Les Espagnols, à l'aide de monstruosités sans exemples, en se couvrant d'une honte ineffaçable, n'ont pu parvenir à exterminer la race indienne, ni même à l'empêcher de partager leurs droits; les Américains des États-Unis ont atteint ce double résultat avec une merveilleuse facilité, tranquillement, légalement, philanthropiquement, sans répandre de sang, sans violer un seul des grands principes de la morale[73] aux yeux du monde. On ne saurait détruire les hommes en respectant mieux les lois de l'humanité.
POSITION QU'OCCUPE LA RACE NOIRE AUX ÉTATS-UNIS[74]: DANGERS QUE SA PRÉSENCE FAIT COURIR AUX BLANCS.

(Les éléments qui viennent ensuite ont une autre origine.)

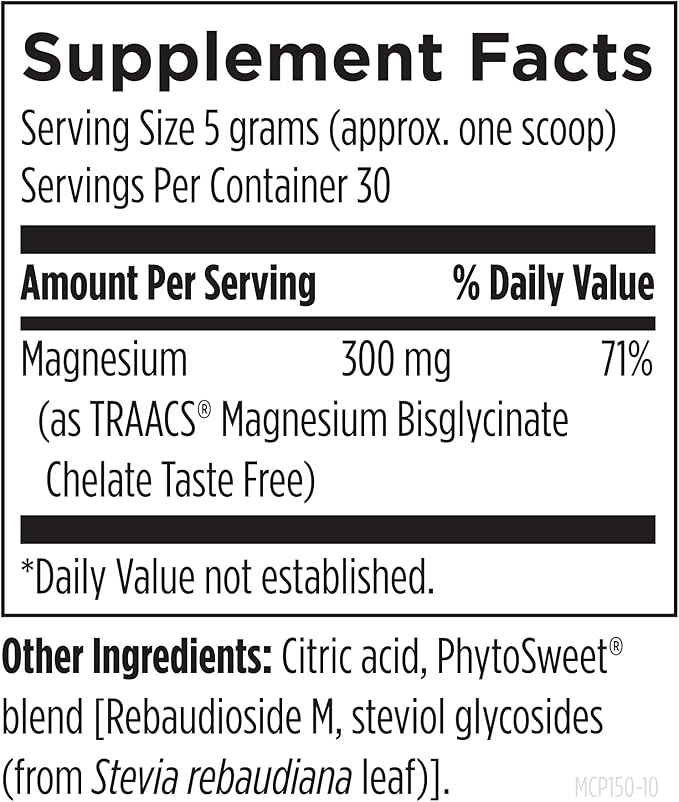 Designs for Health Magnesium Glycinate Powder - 300mg Powdered Chelated Magnesium Bisglycinate Supplement - Non-GMO Great-Tasting Drink Mix Add-in, Orange Flavor (30 Servings / 150g)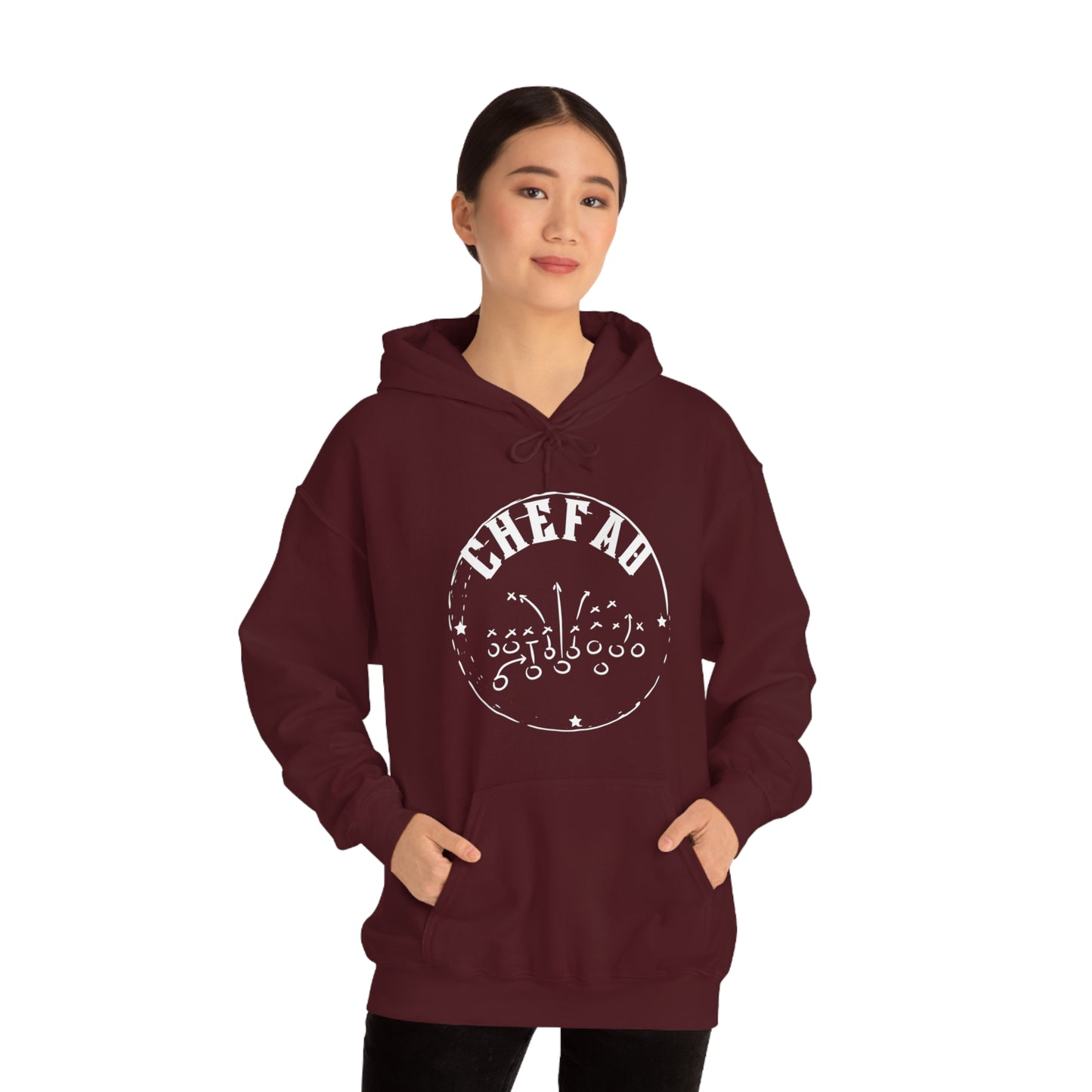 Chefao Football I, Unisex Heavy Blend Hooded Sweatshirt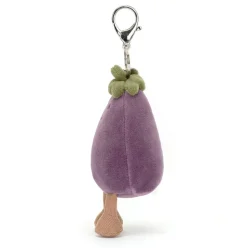 Vivacious Vegetable Aubergine Bag Charm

Pourquoi il est plus difficile d'abolir l'esclavage et d'en faire disparaître la trace chez les modernes que chez les anciens. — Aux États-Unis, le préjugé des blancs contre les noirs semble devenir plus fort à mesure qu'on détruit l'esclavage. — Situation des nègres dans les États du Nord et du Sud. — Pourquoi les Américains abolissent l'esclavage. — La servitude, qui abrutit l'esclave, appauvrit le maître. — Différences qu'on remarque entre la rive droite et la rive gauche de l'Ohio. — À quoi il faut les attribuer. — La race noire rétrograde vers le Sud, comme le fait l'esclave. — Comment ceci s'explique. — Difficultés que rencontrent les États du Sud à abolir l'esclavage. — Dangers de l'avenir. — Préoccupation des esprits. — Fondation d'une colonie noire en Afrique. — Pourquoi les Américains du Sud, en même temps qu'ils se dégoûtent de l'esclavage, accroissent ses rigueurs.
Les Indiens mourront dans l'isolement comme ils ont vécu; mais la destinée des nègres est en quelque sorte enlacée dans celle des Européens. Les deux races sont liées l'une à l'autre, sans pour cela se confondre; il leur est aussi difficile de se séparer complétement que de s'unir.

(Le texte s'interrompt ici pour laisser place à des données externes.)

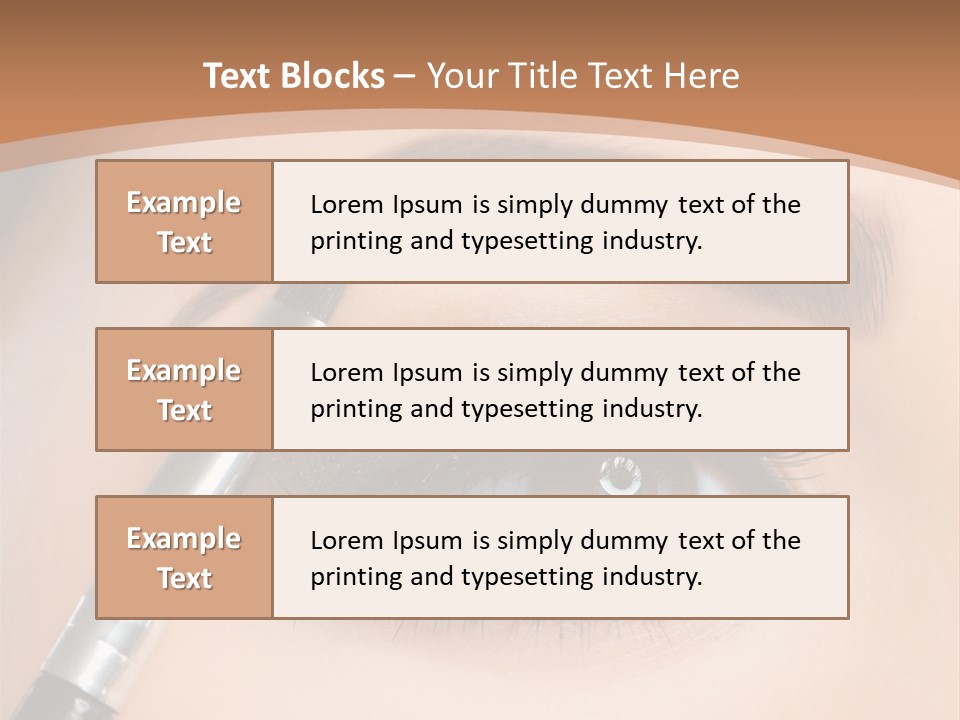 One Eyeshadows Arrows PowerPoint Template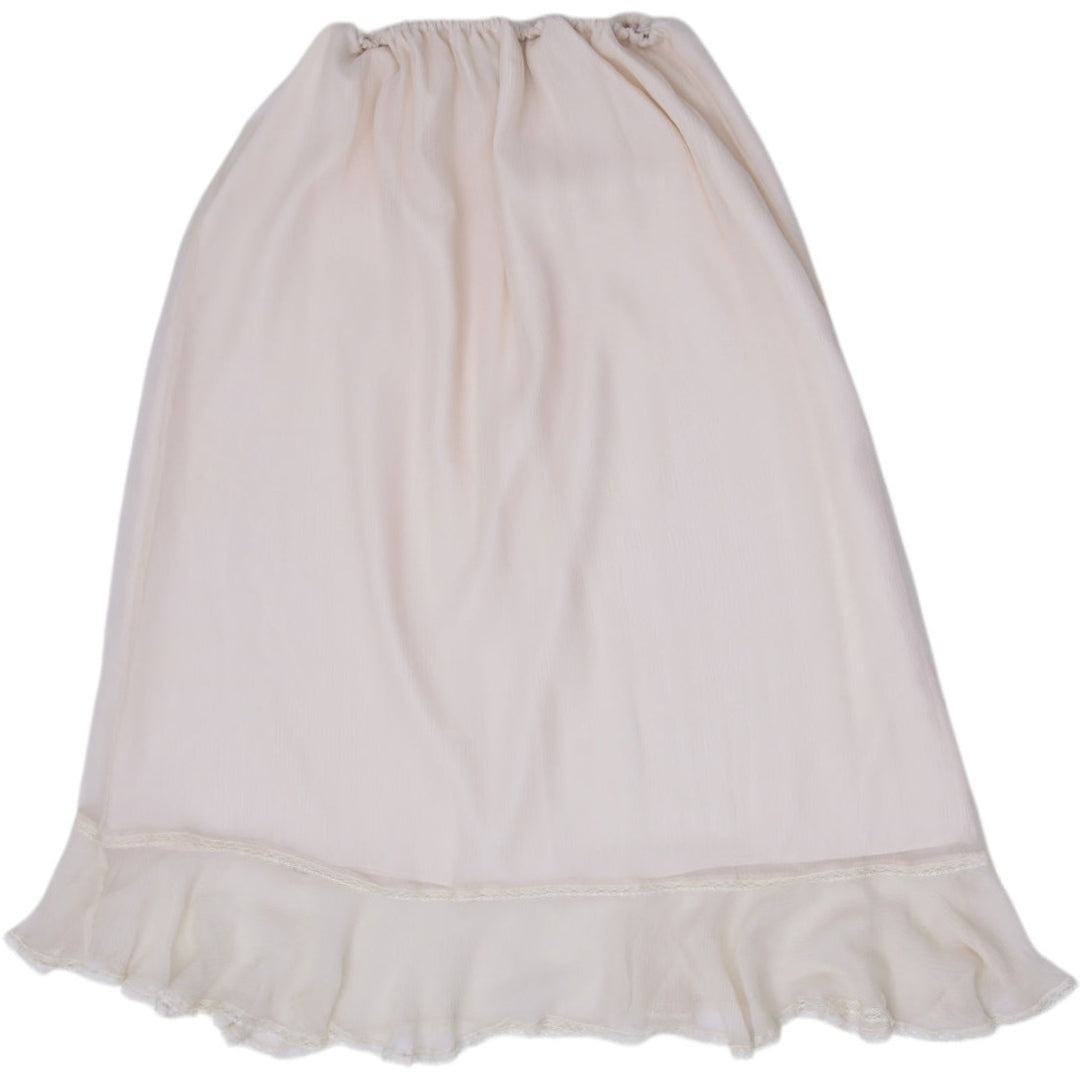 Y2K Ladies Signature by Robbie Bee Cream Layered Ruffle Hem Midi Skirt Size 16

Le plus redoutable de tous les maux qui menacent l'avenir des États-Unis naît de la présence des noirs sur leur sol. Lorsqu'on cherche la cause des embarras présents et des dangers futurs de l'Union, on arrive presque toujours à ce premier fait de quelque point qu'on parte.
Les hommes ont en général besoin de grands et constants efforts pour créer des maux durables; mais il est un mal qui pénètre dans le monde furtivement: d'abord on l'aperçoit à peine au milieu des abus ordinaires du pouvoir; il commence avec un individu dont l'histoire ne conserve pas le nom; on le dépose comme un germe maudit sur quelque point du sol; il se nourrit ensuite de lui-même, s'étend sans effort, et croît naturellement avec la société qui l'a reçu: ce mal est l'esclavage.
Le christianisme avait détruit la servitude; les chrétiens du XVIe siècle l'ont rétablie; ils ne l'ont jamais admise cependant que comme une exception dans leur système social, et ils ont pris soin de la restreindre à une seule des races humaines. Ils ont ainsi fait à l'humanité une blessure moins large, mais infiniment plus difficile à guérir.
Il faut discerner deux choses avec soin: l'esclavage en lui-même et ses suites.
Les maux immédiats produits par l'esclavage étaient à peu près les mêmes chez les anciens qu'ils le sont chez les modernes, mais les suites de ces maux étaient différentes. Chez les anciens, l'esclave appartenait à la même race que son maître, et souvent il lui était supérieur en éducation et en lumières[75]. La liberté seule les séparait; la liberté étant donnée, ils se confondaient aisément.